Supermarket Price Wars
The ongoing battle between supermarket giants has further contributed to the plummeting price of British milk. Whilst retailers battle it out for the cheapest price per litre, driven by consumer trends, farm gate prices have fallen as low as 2p per litre in the past 6 months. Although demand has now increased, the recent price increases have not yet filtered down to producers.
Following the rise of the Euro against the pound, European exports have become increasingly profitable, with manufacturers looking to export as much as possible whilst current trade agreements with Europe remain unchanged. It’s suggested that a decrease in dairy exports could help level the price of milk by limiting competition for supply to with the UK.
Market Trends: The Mary Berry Effect
UK retailers have reported spikes in the sales of butter following the success of popular TV show The Great British Bake Off.
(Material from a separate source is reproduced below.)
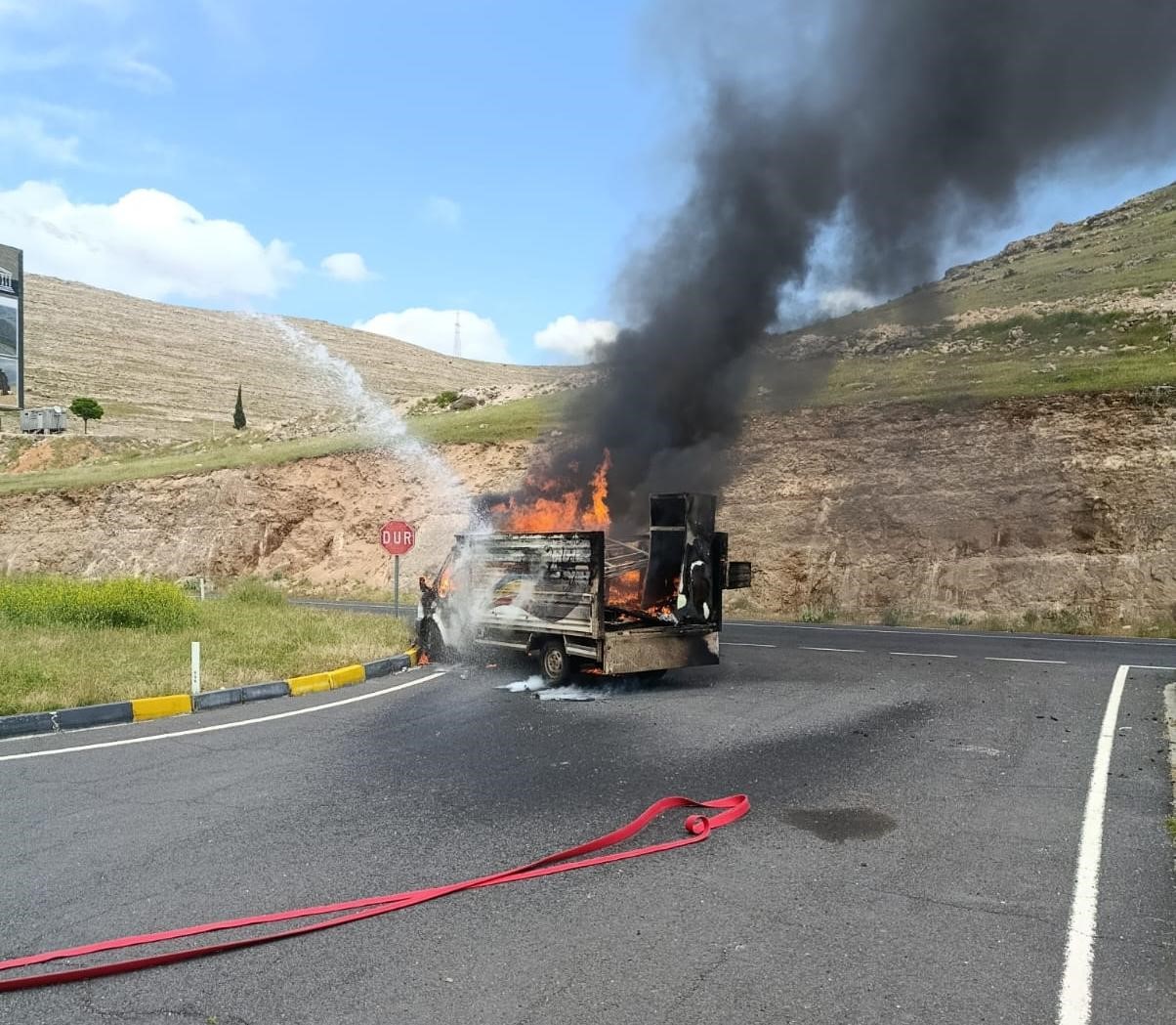 diyarbakirda seyir halindeki kamyonet alev topuna dondu 0 OUeUNGGr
Named ‘The Mary Berry effect’, the showed has piqued the interest of amateur bakers across the country, adding to demand for the popular ingredient.
Recent revelations about the benefits of natural fats has also seen health conscious consumers switch back to butter, following a period of bad PR for vegetable spreads and other butter alternatives, which can be highly processed and have been linked to several negative health implications.
The NFU have advised that whilst the dairy industry is unstable, butter shortages in 2017 are unlikely, however with wholesalers and retailers fighting hard not to pass on cost increases to consumers, it’s unclear when wholesale prices will stabilise.